The tweet was one of many showing children drawing pictures of pollution and environmental damage. Twitter users accused the school of ‘indoctrination’. The video has since been deleted and the school has made its Twitter account private

Sadly, this kind of overt politicisation of the classroom is all too common today. Environmentalism has been a feature of education for the past two decades. In 2000, the National Curriculum was revised to make teaching sustainable development compulsory in geography, design and technology, science and citizenship. The National Curriculum Handbook for Teachers, published in 2004, stated that one of the aims of the curriculum was to secure children’s ‘commitment to sustainable development at a personal, local, national and global level’.

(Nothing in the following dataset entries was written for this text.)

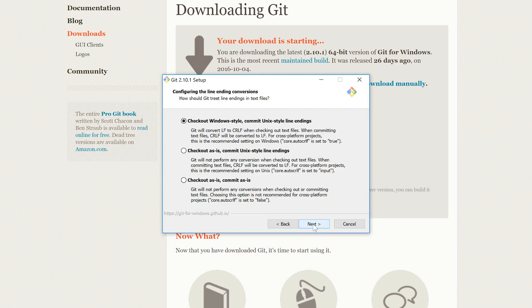So next we get an option for the various types of checkouts here. Now you'll notice there's two options here, they're talking about CRLF will be converted to LF. Well, CRLF really relates to how bytes are stored in a file. So CR is a bytecode for carriage return and really sort of harks back to the days of typewriters, and LF is for line feed.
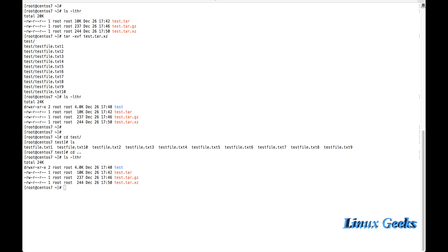If it's a bzip2 format, instead of capital J we use small j. To create a bzip2 archive: tar -jcvf. For extraction, we use tar -xvf with small j as well: tar -xjvf. These commands are very easy to use, just swap the compression flag depending on the format.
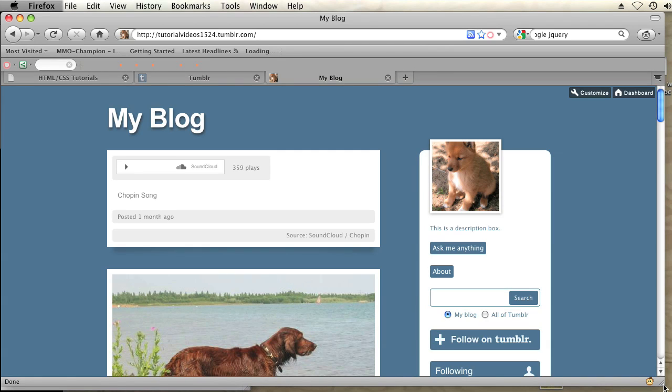So I have my Tumblr blog opened up right here, and I'm going to customize the CSS to make this content section wider on the page.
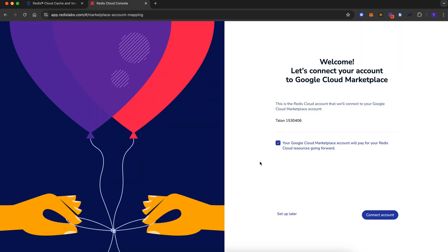After creating your account, you'll get this message to connect your Google Cloud account with your Redis Cloud account. This is great because now your Google Cloud account will handle the billing for your Redis Cloud resources going forward, so there's no separate billing. Click connect account.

A huge chunk of the education system is thus geared towards teaching children that our current society is unsustainable and that fossil fuels are destroying the planet. It is little wonder, then, that well-meaning teachers are encouraging their pupils to ‘show their commitment’ to environmental causes through classroom demos. But we shouldn’t let the strangeness of all this escape us.

Most political movements aim to persuade adults to their cause. But as very few adults have been convinced to make the sacrifices demanded by environmentalists, children have instead become the focus of green campaigning. Children instinctively trust the adults around them and accept that what they are taught by teachers is true. But environmental campaigns often go further than simply informing future generations about the climate. Many initiatives urge children to use emotional pressure to change their parents’ behaviour. One example is ‘Climate Cops’, run by the energy firm npower: school pupils are given police-officer-style notebooks so that they can ‘book’ themselves, friends or family members who are caught wasting energy or performing other ‘climate-unfriendly’ actions.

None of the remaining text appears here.